The constraint of expression by Air Corps officers was not merely social and theoretical. It was a matter of military discipline. The arguments advanced by General Mitchell were not exclusively his own, nor did he differ significantly from other leading military airmen except in his argumentative manner and uncompromising attitude. He was by no means the only officer effectively silenced by the outcome of his case. Other air officers who wanted to remain in the service and hoped someday to be able to influence its policies became almost secretive concerning their ideas on new methods of warfare. Some demonstrated an interest in more traditional matters and even managed to develop an affection for horses, a characteristic which was considered in old Army circles as the one indispensable attribute of a truly military man. Prior to the late 1930’s, only the boldest and most tactless Air Corps officers allowed themselves to be heard beyond the next room when discussing anything of importance to the nation. There was a period when it seemed that even the Air Corps chiefs were self-effacing to a degree detrimental to the men they represented.

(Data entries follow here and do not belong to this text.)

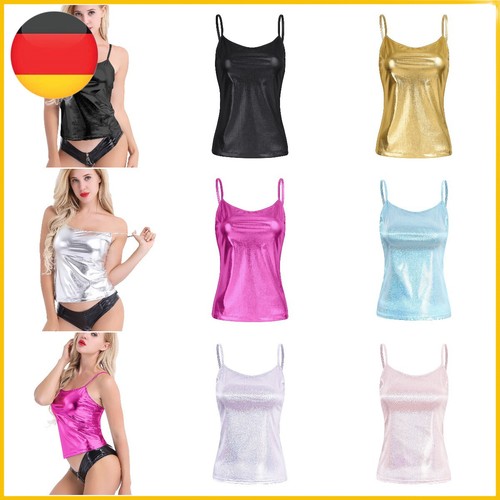 Damen wetlook top weste - wetlook,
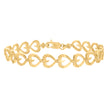 10kt Yellow Gold Womens Heart Link 8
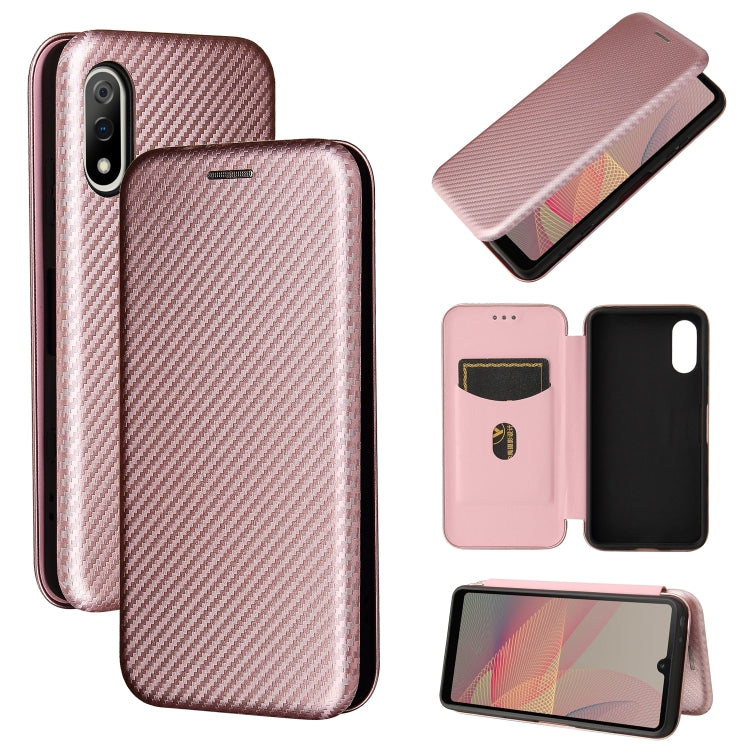 Carbon Fiber Texture Magnetic Horizontal Flip TPU + PC + PU Leather Case with Card Slot, For Nokia X10, For Nokia X20, For Sony Xperia Ace II, For Xiaomi Redmi Note 10 5G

Small wonder that the Air Forces of today have few senior officers skilled in the use of words. Captain H. H. Arnold, one of the most irrepressible of the pioneers, managed to keep in practice by writing air stories for his children and, later, books of a more or less inspirational nature for boys and young men who absorbed his enthusiasm and overlooked the careful vagueness of his statements. Behind the scenes, he and others fought many battles that made for progress. Such small-scale projects as the pioneer flight of a few bombers to Alaska in 1934 were carried out despite relentless opposition and criticism which immediately branded the achievement as a “stunt” intended to mislead the public concerning the feasibility of long-range military aviation.

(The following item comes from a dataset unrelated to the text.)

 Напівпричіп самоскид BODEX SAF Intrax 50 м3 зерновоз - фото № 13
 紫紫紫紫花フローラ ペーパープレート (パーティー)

But it was only beneath the surface that progress was achieved. Air Corps officers, greatly outranked and outnumbered, were unable to gain recognition for their warnings and proposals at top-level, and progress at that level was much slower than was demanded by awakening public opinion. As the divergence between advancing public opinion and slow official progress widened, Air Corps officers were in an increasingly delicate position. Opposition to their efforts became more desperate. The Baker Board report of the late 1930’s was really more reactionary for its time than the Morrow Board of the early 1920’s had been.
The recommendation of the Baker Board, which tried to limit aviation to three-hundred-miles range, seems comic today, but it was far from comic to the military airmen who had to go on trying to build Air Power despite the throttling effect of such a policy. The achievements of a quiet but determined little group of Air Corps officers, in the face of unrelenting official opposition and disapproval, still seem miraculous even to those who watched them work. They had little support except a vaguely sympathetic public that had no idea who they were or how to help them. Yet when necessity arrived ahead of all prediction, they suddenly built the world’s greatest long-range striking force.
The repression of all so-called “radica1” expression among military men seems strangely illogical in a time like the present, when the Army Ordnance Association Journal will print and defend an article urging early preparation for an invasion of Mars in order to use it as a base for a “surprise” invasion of another country. But it must be remembered that the twenty years of peace, expected to last forever, dictated a policy of deliberate and enforced obscurity for all military men. Mere survival was an accomplishment in 1932, when the nominating convention of a major political party boasted of having reduced the nation’s armed forces to the status of a domestic police force. There was nothing to do but take cover. It is not surprising that top Army officers, straining to keep their own heads down out of sight, became somewhat nervous when any officer, even a restless Air Corps officer, raised his head over the horizon or his voice above a whisper. The only way to survive was to impersonate a domestic policeman patrolling his own side of the ocean. Air Corps officers had to keep in line like the rest.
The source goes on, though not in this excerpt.